27 Ocak 1949 tarihinde doğan Hulki Aktunç 29 Haziran 2011 tarihinde vefat etti.
Edebiyat dünyamızda, şiir, öykü, deneme ve sözlük alanında birçok ürün veren çalışkan ve üretken bir yere sahiptir.
Aktunç’un ilk yazısı 1968’de dönemin seçkin dergilerinden Yeni Ufuklar’da yayımlandı. Öykü, eleştiri ve inceleme yazıları Soyut, Yeni Edebiyat, Yeni Dergi, Papirüs ve Türkiye Defteri gibi o yılların önemli dergilerinde çıktı. İlk kitabı “Gidenler Dönmeyenler” ile TDK Öykü Ödülü’nü (1977),“Bir Çağ Yangını” romanı ile Abdi İpekçi Ödülü’nü (1981),“Bir Yer Göstericinin Hayatı” ile Yunus Nadi Öykü Ödülü’nü (1989) kazandı. 1970’lerde şiire özel bir ağırlık verdi. “İnsan Aşklarının Külüdür” ile Halil Kocagöz Şiir Ödülü’nü (1994),“Istıraplar Ansiklopedisi” ile de Cemal Süreya Ödülü’nü aldı (1995).
Yirmi yılı aşan bir emeğin ürünü olan “Büyük Argo Sözlüğü” (1990) büyük bir ilgiyle karşılandı. Kültür hayatımızda iz bırakan bu çalışmasının kendi edebiyat yaşamı içindeki yerini şöyle değerlendirmişti Aktunç: “Ben edebiyatta kendi kalbimin argosunu ortaya koymak istedim. O yüzden de hikâye yazdım, şiir yazdım, roman yazdım, sözlük yazdım, denemeler yazdım. Benim gördüğüm budur, çünkü edebiyat aslında kendisine yönelik bir argo.”
Yazarın öykü dilinin ipuçu olur diyerek bir öyküsünden kısa bir bölüm paylaşıyorum.
“Geçen yaz sonu böğürtlen morarırken gördüydüm onu.

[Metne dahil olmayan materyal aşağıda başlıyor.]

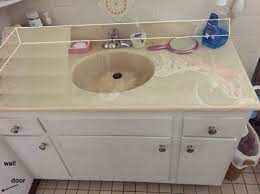 The mirror does not sit flush against the wall due to the hanging brackets used. 48 Vanity Top Sink Flush To Wall On Left Side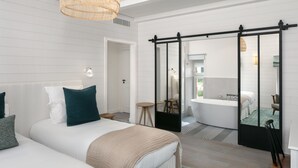 A modern hotel room with a large bed, a sitting area with a chair and a small table, a bathroom with a bathtub, and a sliding door leading to a balcony. - Le Nessay (Saint-Briac-sur-Mer)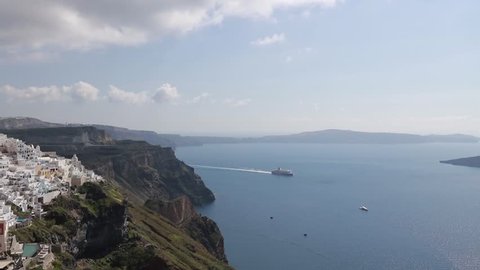 Time laps clip. Sunny morning view of Santorini island. Picturesque spring sunrise on the famous Greek resort Fira, Greece, Europe. Traveling concept background. Full HD video (High Definition).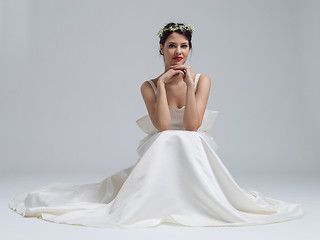 Image showing young bride sitting in a wedding dress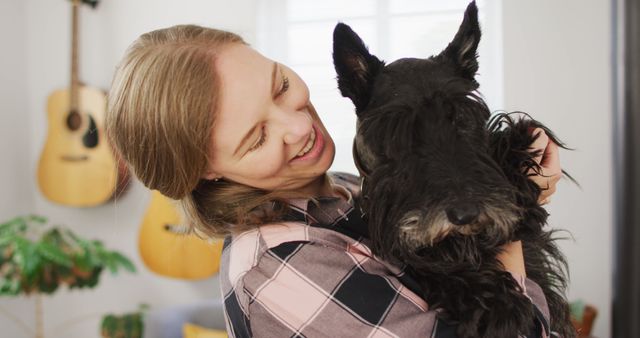 Portrait of caucasian woman holding her dog and smiling at home - Download Free Stock Photos Pikwizard.com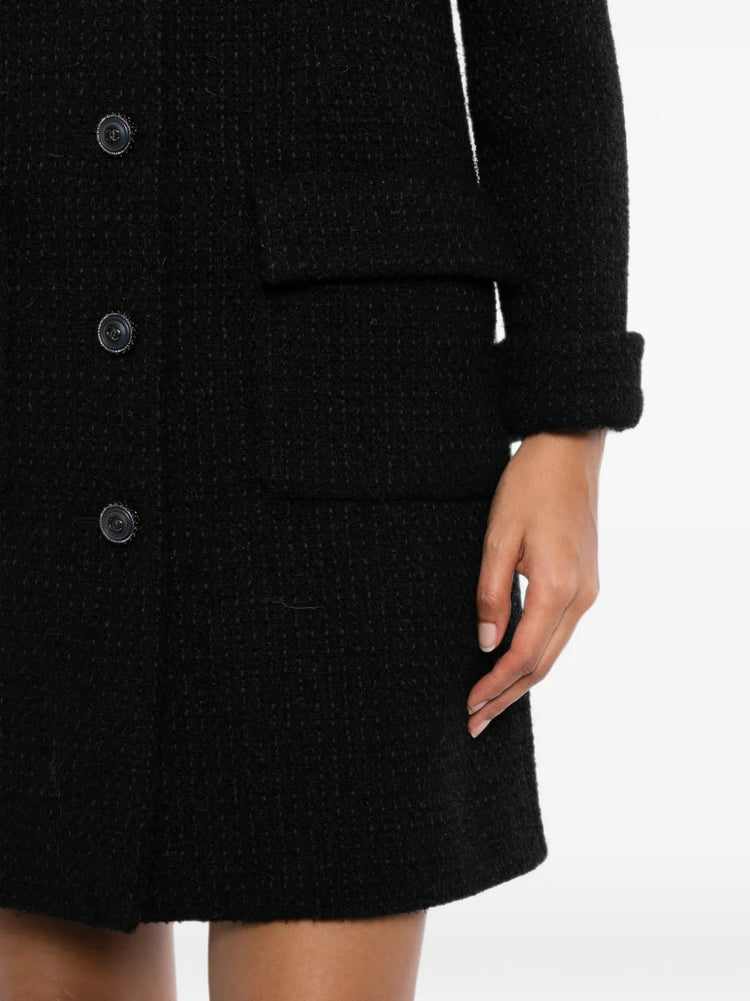 Black Chanel wool tweed coat made of classic textured fabric, stylish long coat with a tailored fit and elegant design.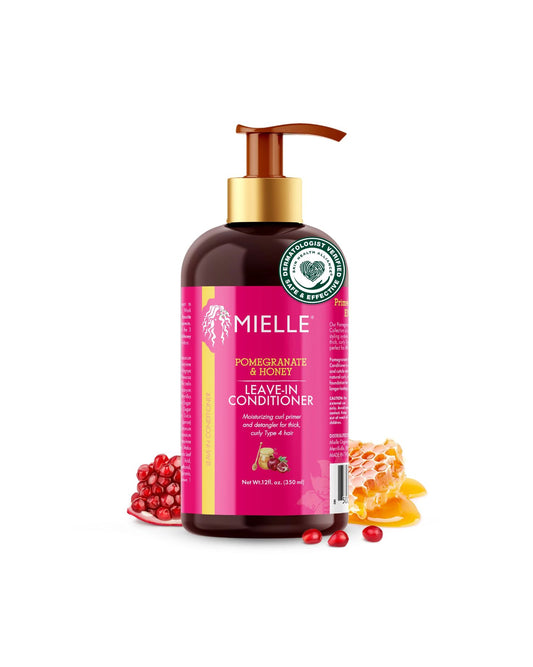 A black pump bottle of Mielle Pomegranate & Honey Leave-In Conditioner with a bright pink label. The label highlights the product's function to 'Maintain curl pattern and detangle for thick, curly Type 4 hair.' The bottle is framed by fresh pomegranate seeds and a piece of dripping honeycomb, isolated on a white background.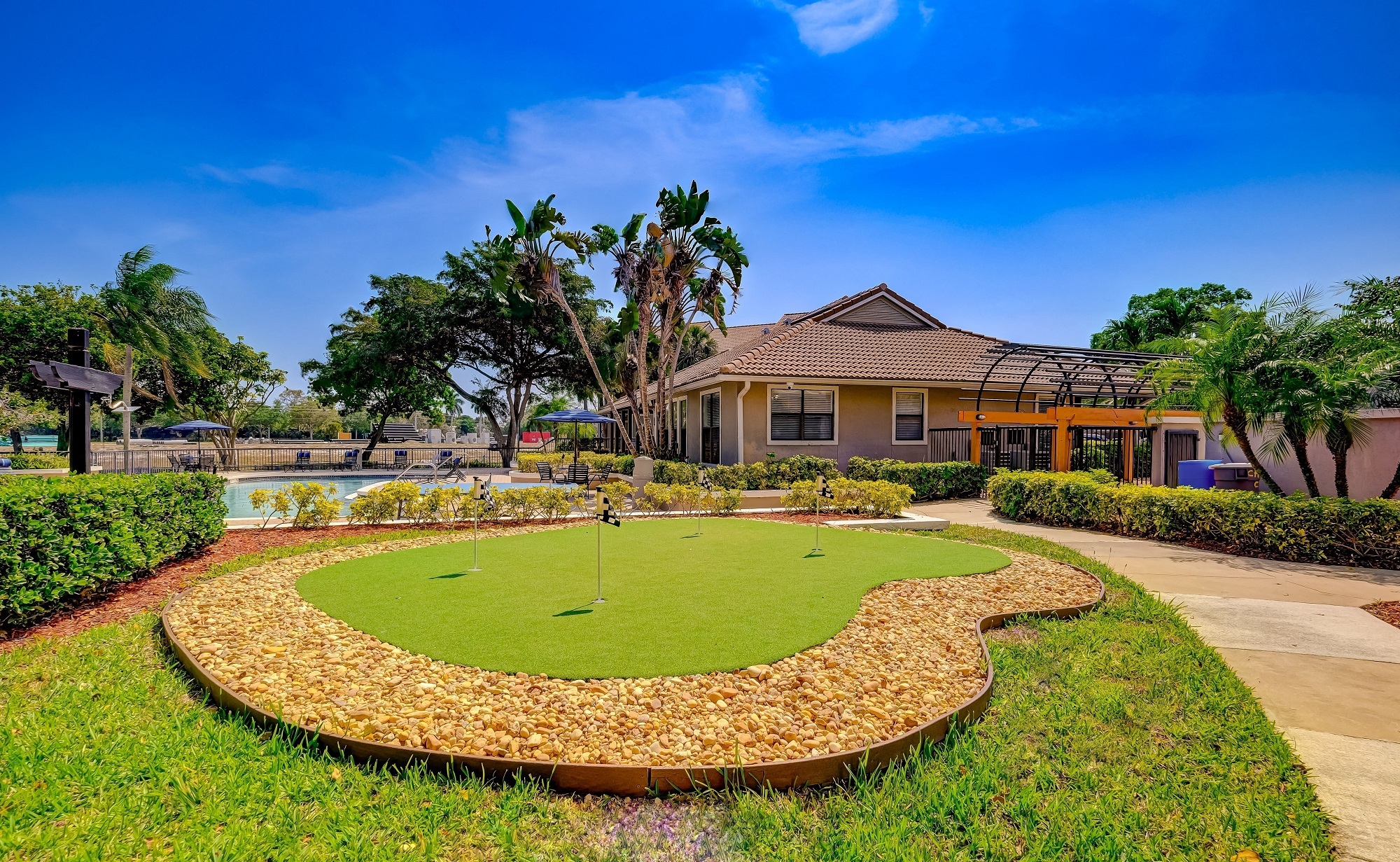 a home with a putting green in front of a house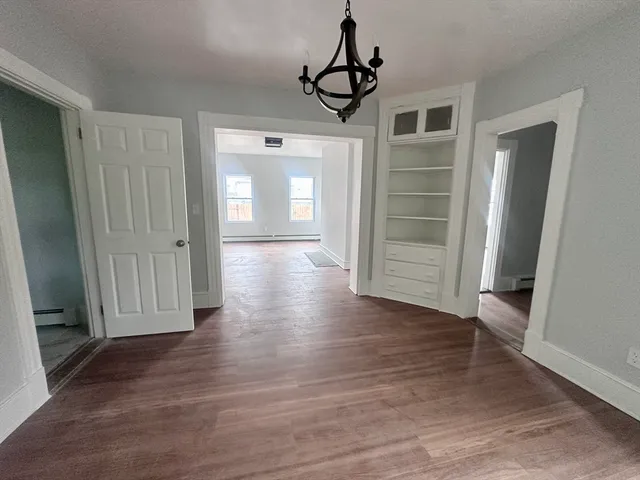 a view of a hallway with wooden floor and closet area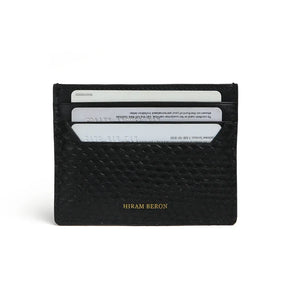 Black python skin cardholder with 'Hiram Beron' branding on a white background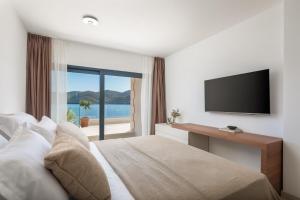 een hotelkamer met een bed en een televisie bij Villa Maris, 10m from beach, infinity pool in Kučište +70 foto's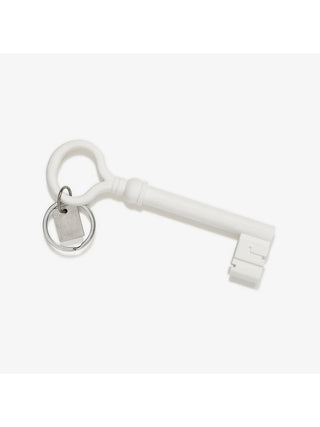 A large white skeleton key with keychain attached.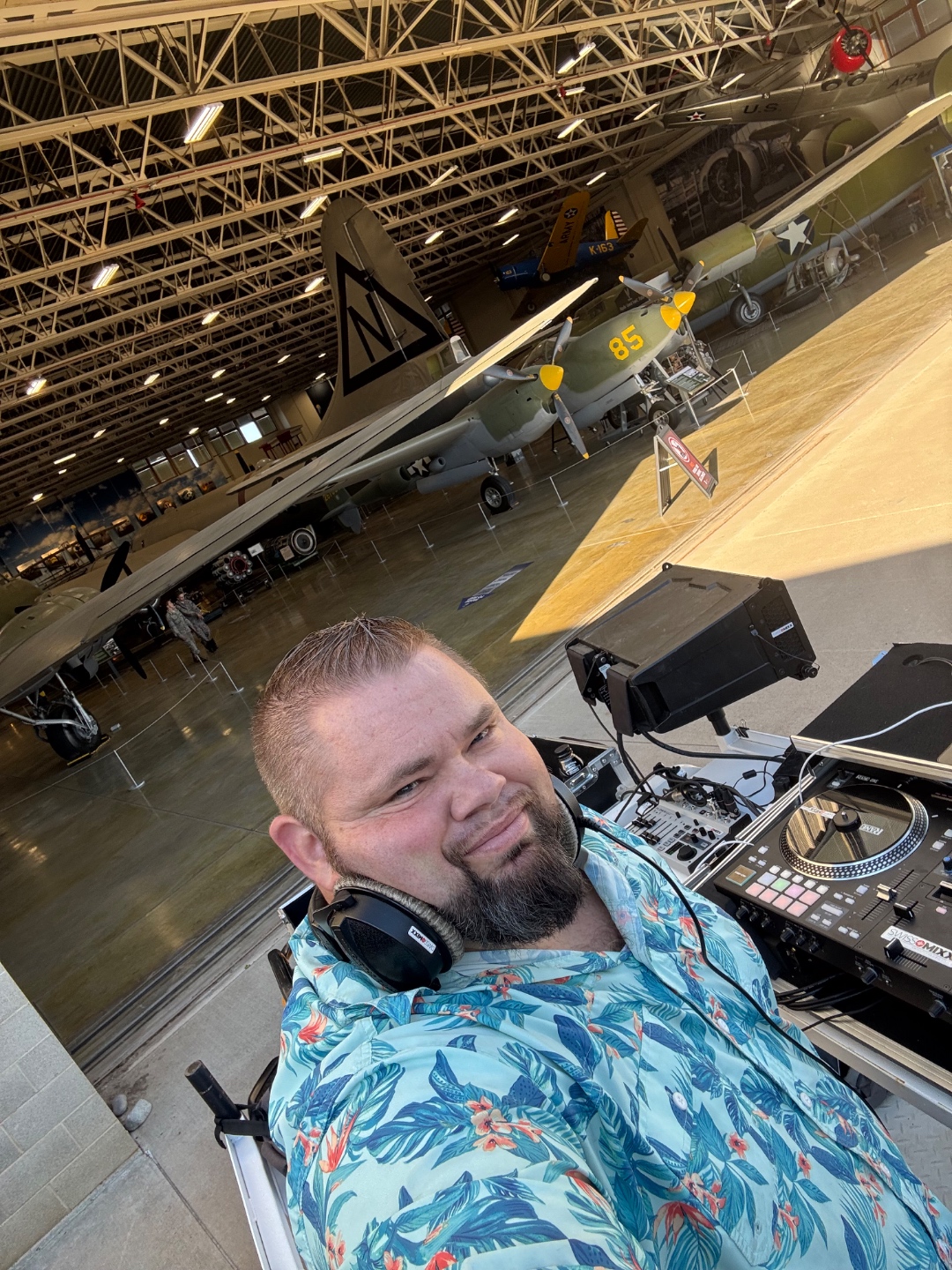 Mark Christiansen DJing inside the Hill Air Force Base Museum with vintage WWII aircraft visible in the background, SwissMixx Audio corporate AV Utah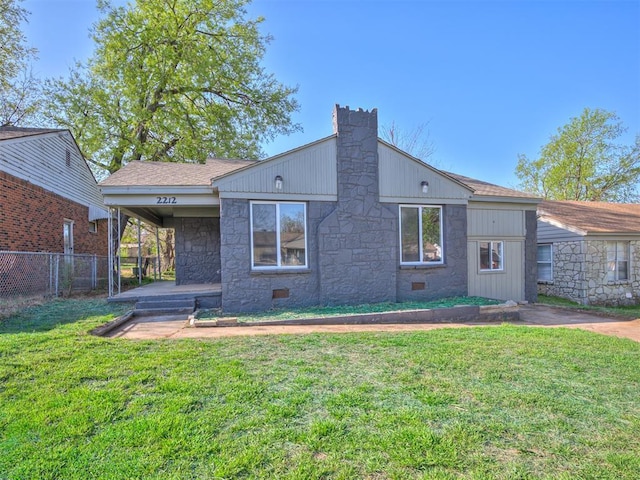 back of house with stone siding, a yard, a shingled roof, and fence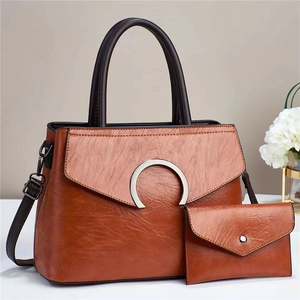 Brown contrast large capacity tote bag with matching envelope pouch on white display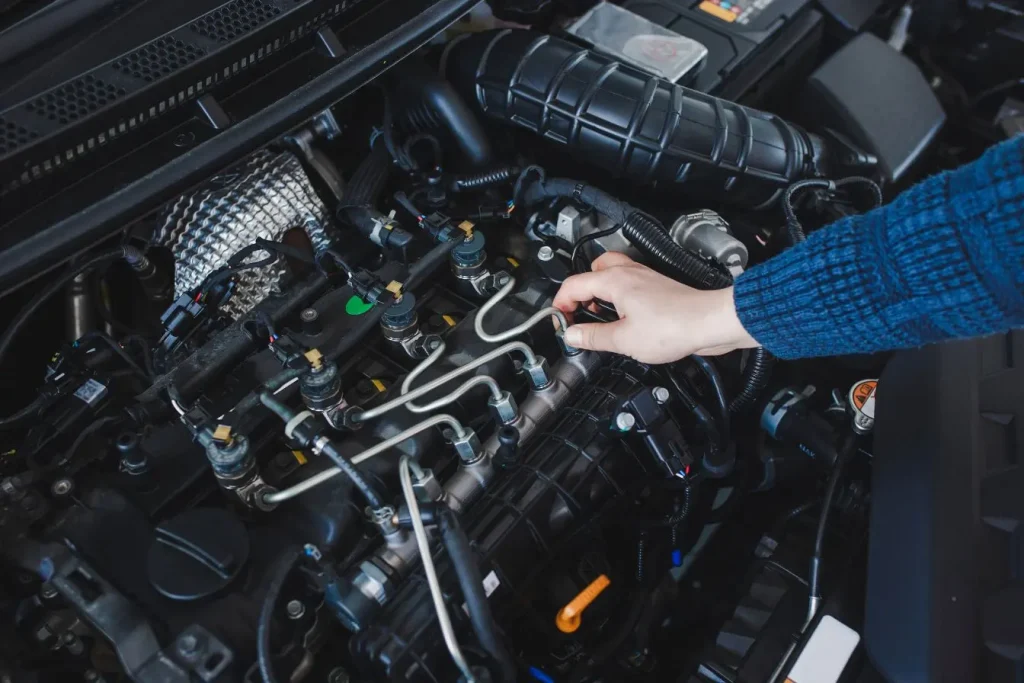 Gros plan sur moteur avec intervention manuelle, scène évoquant un problème de système antipollution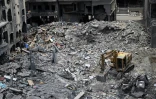Des ouvriers déblaient avec une pelleteuse les décombres d'un bâtiment par une précédente frappe militaire israélienne sur un quartier de Tyr, dans le sud du Liban, le 23 juin 2026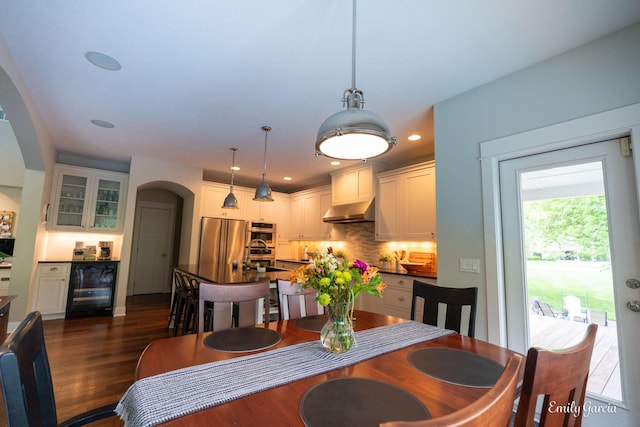 14921 Creek Edge Dr, Holland, MI 49424 - dining area with beverage cooler, arched walkways, dark wood-style floors, and recessed lighting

Yukarıda, manastır tepesinde, entarisi uçuşup duran bir gölgeydi. Büyük bir gölge. Belki de o sadece bir gölgeydi. Adanın sahibi gibi, aniden yok olan, hiç beklenmediği yerde aniden beliriveren bir gölge. O kalık zeytinlerin, birkaç yaban dutunun da onu korkuyla izlediğini gördüm. Hış hış diye inliyordu ağaçlar. Rüzgâr durup durup patlıyordu. Rüzgâra katıldım ben de, bayır yukarı birkaç adım attım. Bir bulutun hemen başucumda kalakaldığını, güneşi kestiğini fark ettim. Ürperdim. Sırtım, göğsüm bir anda üşüdü ve bir anda yandı. Başımı kaldırdım ve Pinulipi bulutla birlikte yok olmuştu. Issız gök, manastır üzerinde salınıp duruyordu. İnsan istiyordu altına. Pinulipi Sara, arkasından gideceğim sanmıştı. Geri döndüm. Ta uzaklara akıp gitmiş bulutlar, Sivriada’nın oralarda çırpıntı köpükleriyle birleşiyordu. Deniz göğün aynası.” (Pinulipi Sara- Bir Yer Göstericinin Hayatı)
Ölüm yıldönümünde elinde fener bizlere yol gösteren Hulki Aktunç’u saygı ve minnetle anıyoruz.
Sözün özü: Hulki Aktunç yapıtları ile yaptıkları ile edebiyatımızın yeni kuşaklarına yol ve yer göterici görevini ilk günkü heyacanı ile ve hakkıyla yerine getirmektedir.